Here’s everything you should know about Futura, on its 90th anniversary

We celebrate the typeface’s rich history in Bauhaus, mankind landing on the moon and World War II.

Not all typefaces can boast about landing on the moon, or featuring on the front of film posters, iconic publications like Vanity Fair (it's even the typeface you're reading this feature in), as well as being born from one of the most influential design movements.

The iconic typeface Futura turns 90 this year. That means it's been circulating since German typographer Paul Renner designed it in 1927. Originally created as a contribution to the New Frankfurt project, the geometric sans serif typeface was based on visual elements of the Bauhaus design style of 1919 to 1933. In fact, it was commissioned as a typeface by the Bauer Type Foundry.

In this feature we celebrate Futura's origins and history, as well as how and when Futura has been used in significant points throughout Western history.

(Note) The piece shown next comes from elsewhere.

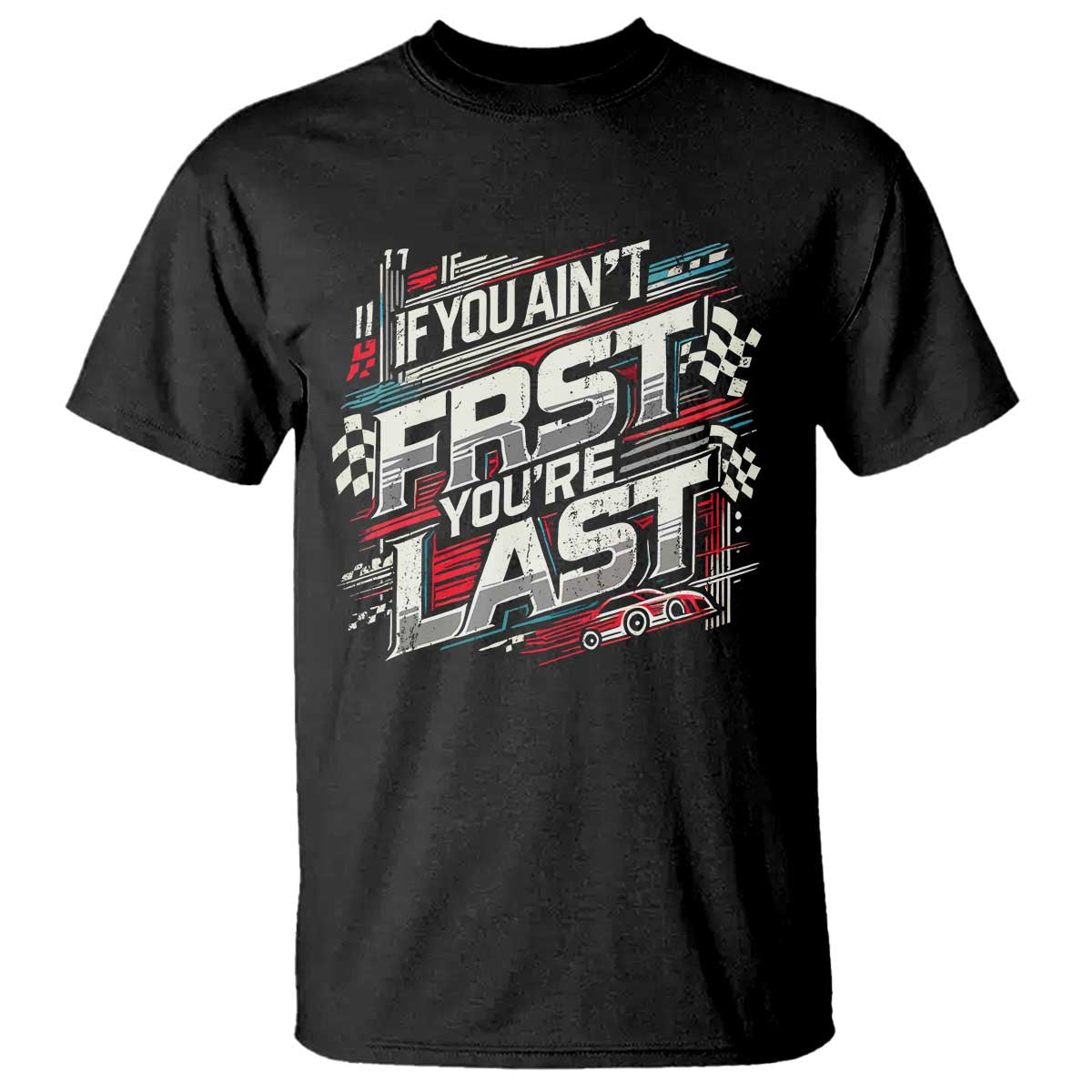 racing-car-t-shirt-if-you-aint-first-youre-last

The Bauhaus was a school of art, architecture, graphic design and typography established by Walter Gropius at Weimar in Germany in 1919. It’s teaching method replaced the traditional pupil-teacher relationship with an idea of community – all artists worked together. It was designed this way to bring art back into the real world. Bauhaus was based on modernism and design associated with Bauhaus is generally radically simplified forms. The philosophy was that functionality and rationality ruled over the purpose of beauty in a commonplace object.

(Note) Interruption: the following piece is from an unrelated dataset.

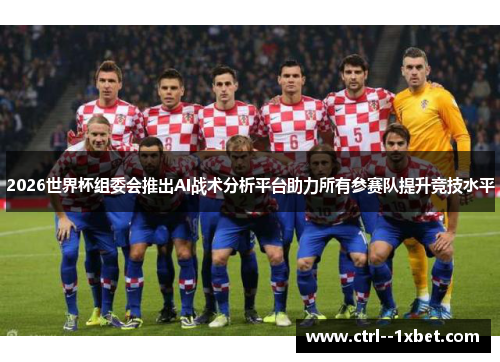 2026世界杯组委会推出AI战术分析平台助力所有参赛队提升竞技水平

 In 1933 Bauhaus was closed by the Nazis, one year after the school moved to Berlin. Its influence was huge in the US, where many artists moved before and during the Second World War.

Although Futura’s designer wasn’t directly associated with Bauhaus, he shared the ideology that a modern typeface should express modern models. In doing so he rejected most previous sans serif designs that are now known as grotesques. It was a distinct move away from typefaces based on sign painting, condensed lettering and 19th century serif typefaces.

Futura’s simple geometric circles, triangles and squares represent function over form, taking away the nonessential and decorative elements. This made it almost instantly successful as a typeface in the 20th century, with success still continuing today. A bunch of competing geometric sans-serif typefaces sprang up from foundries in the US following Futura’s release. It’s interesting to note that Futura was somewhat overshadowed in the UK however, with the iconic Gill Sans taking over London’s transport system and signage in the 1930s and 40s.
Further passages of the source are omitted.